#### [Work request]
If a line in the records below contains the word "installation", copy it out.

#### [Material shown]
---+---

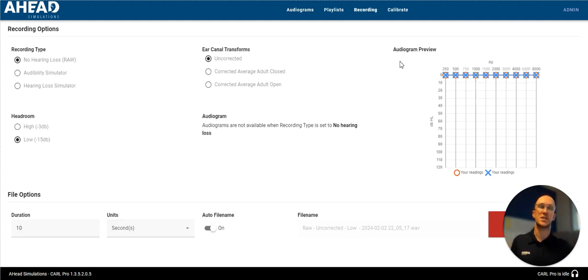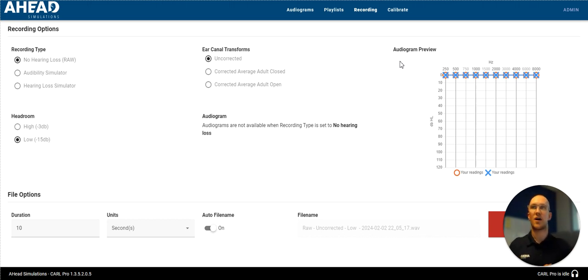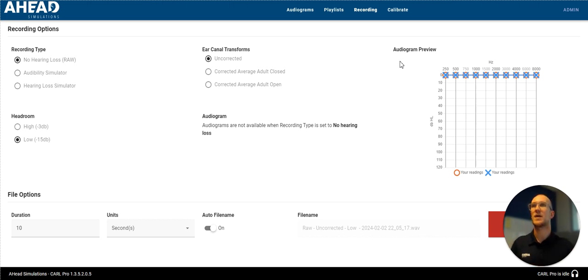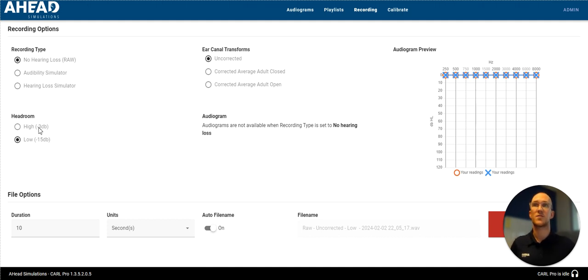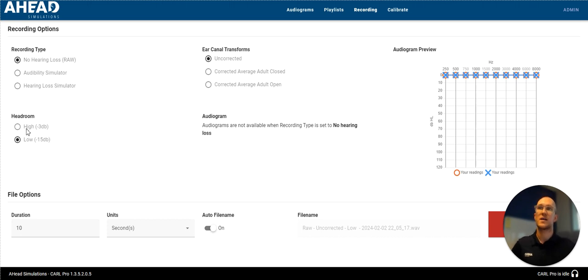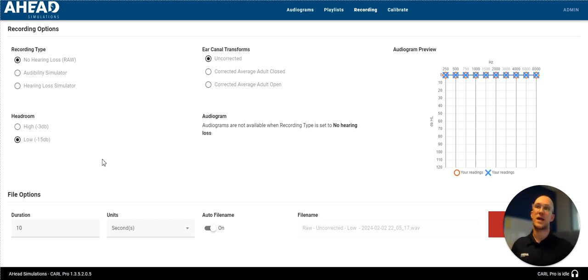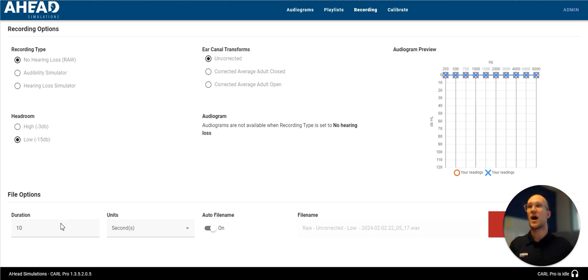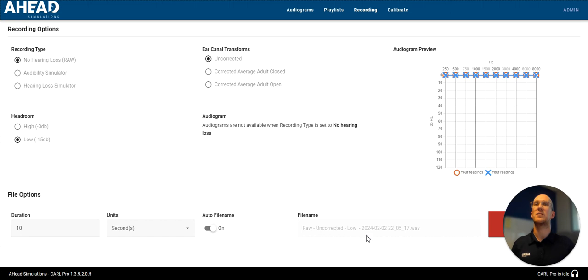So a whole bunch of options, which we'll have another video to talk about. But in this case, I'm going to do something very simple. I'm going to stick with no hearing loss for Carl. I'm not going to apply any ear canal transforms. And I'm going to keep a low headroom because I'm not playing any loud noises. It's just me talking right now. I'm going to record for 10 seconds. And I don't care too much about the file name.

---+---

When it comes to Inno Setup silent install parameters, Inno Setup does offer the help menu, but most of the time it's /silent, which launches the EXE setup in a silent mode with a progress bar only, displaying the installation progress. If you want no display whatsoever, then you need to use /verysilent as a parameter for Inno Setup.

---+---

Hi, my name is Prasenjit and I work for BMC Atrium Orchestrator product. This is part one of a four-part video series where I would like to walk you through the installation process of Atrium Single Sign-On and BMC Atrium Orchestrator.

---+---

#### [Response to the task]
When it comes to Inno Setup silent install parameters, Inno Setup does offer the help menu, but most of the time it's /silent, which launches the EXE setup in a silent mode with a progress bar only, displaying the installation progress. If you want no display whatsoever, then you need to use /verysilent as a parameter for Inno Setup.
Hi, my name is Prasenjit and I work for BMC Atrium Orchestrator product. This is part one of a four-part video series where I would like to walk you through the installation process of Atrium Single Sign-On and BMC Atrium Orchestrator.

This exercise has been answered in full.